_Work instruction_
Reproduce the records that follow without alteration, apart from removing the pictures.

_Source material_
>>>

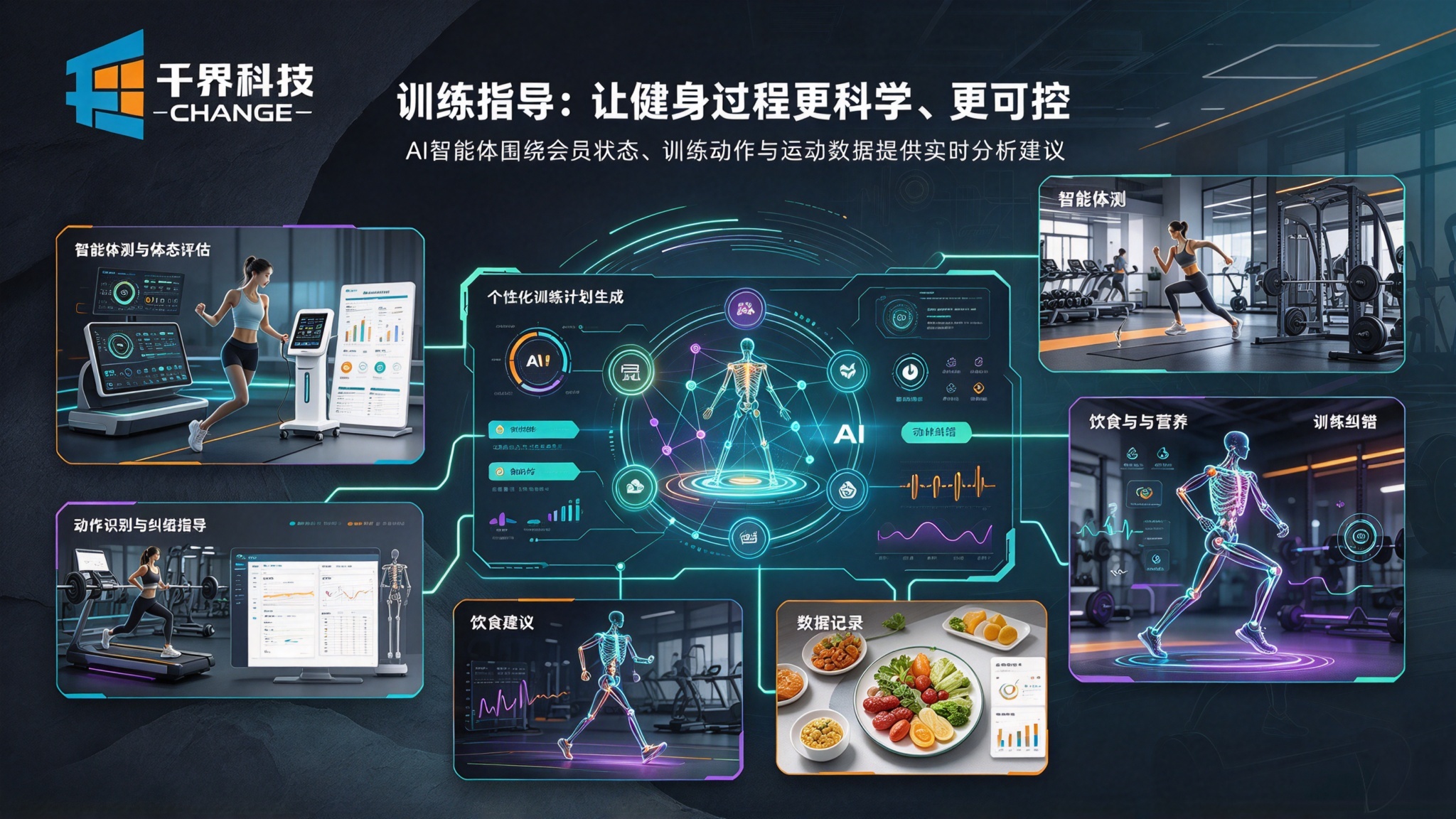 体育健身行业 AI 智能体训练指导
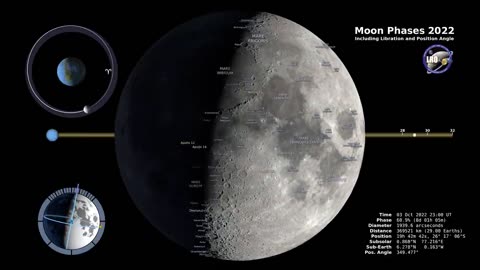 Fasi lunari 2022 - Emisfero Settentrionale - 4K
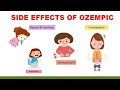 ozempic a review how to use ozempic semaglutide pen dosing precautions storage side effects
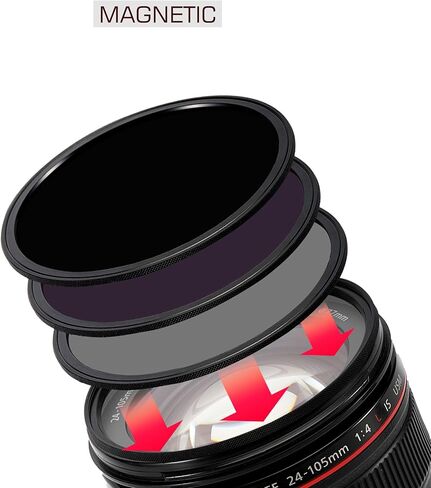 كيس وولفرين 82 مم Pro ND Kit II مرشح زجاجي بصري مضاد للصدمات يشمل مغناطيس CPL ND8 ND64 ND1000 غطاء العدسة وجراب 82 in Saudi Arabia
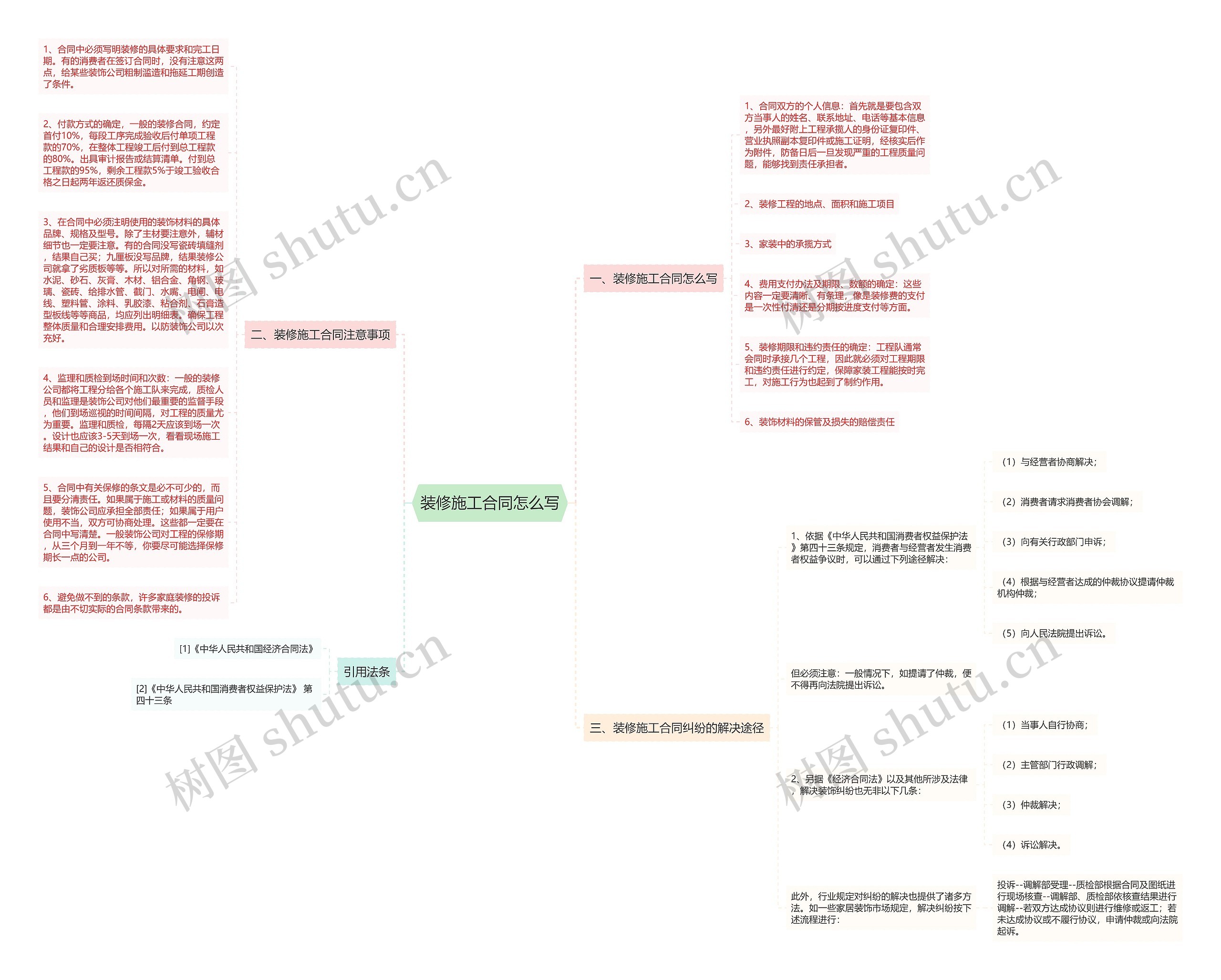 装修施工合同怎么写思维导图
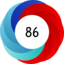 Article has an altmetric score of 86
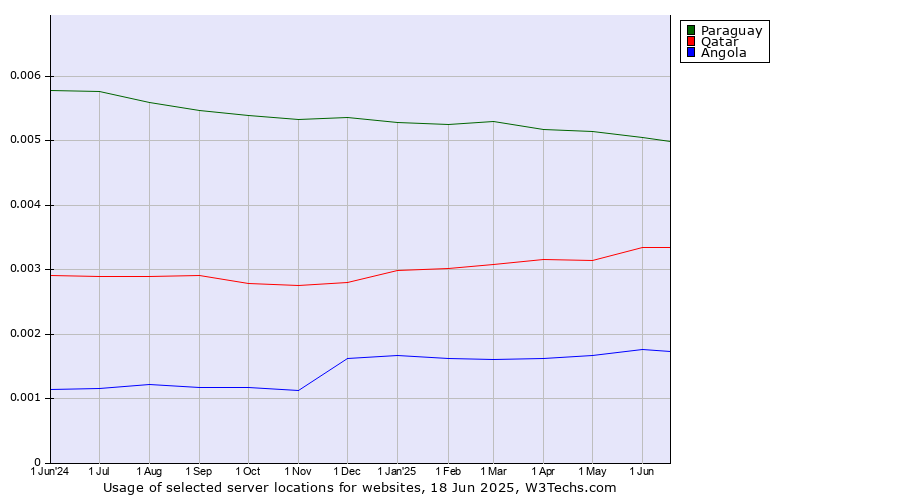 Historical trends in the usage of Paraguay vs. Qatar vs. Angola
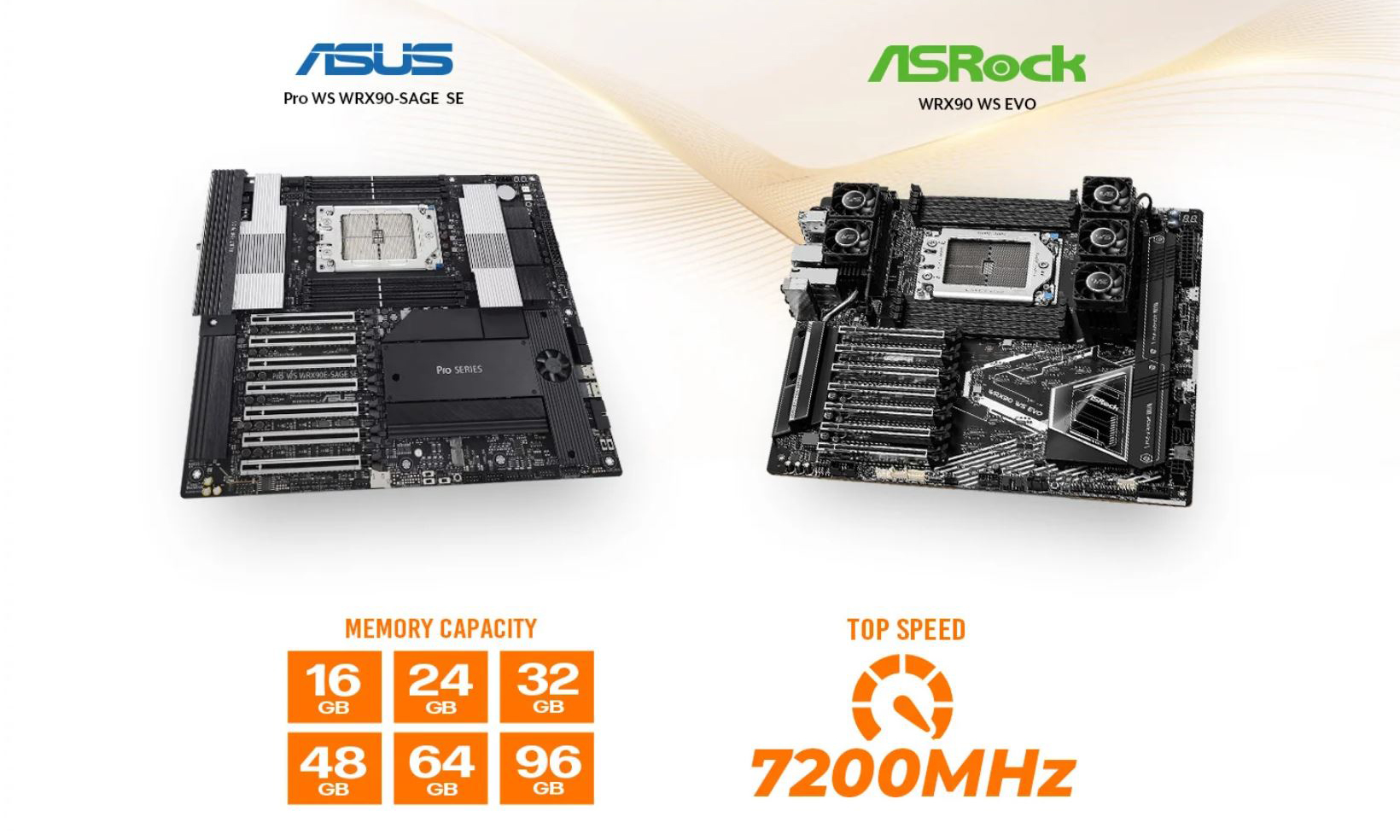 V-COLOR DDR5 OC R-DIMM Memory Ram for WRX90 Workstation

<<<

_Answer_
 体育健身行业 AI 智能体训练指导
 Fasi lunari 2022 - Emisfero Settentrionale - 4K
 ozempic a review how to use ozempic semaglutide pen dosing precautions storage side effects
 كيس وولفرين 82 مم Pro ND Kit II مرشح زجاجي بصري مضاد للصدمات يشمل مغناطيس CPL ND8 ND64 ND1000 غطاء العدسة وجراب 82 in Saudi Arabia
 装修施工合同怎么写思维导图
 Article has an altmetric score of 86
 Historical trends in the usage of Paraguay vs. Qatar vs. Angola
 V-COLOR DDR5 OC R-DIMM Memory Ram for WRX90 Workstation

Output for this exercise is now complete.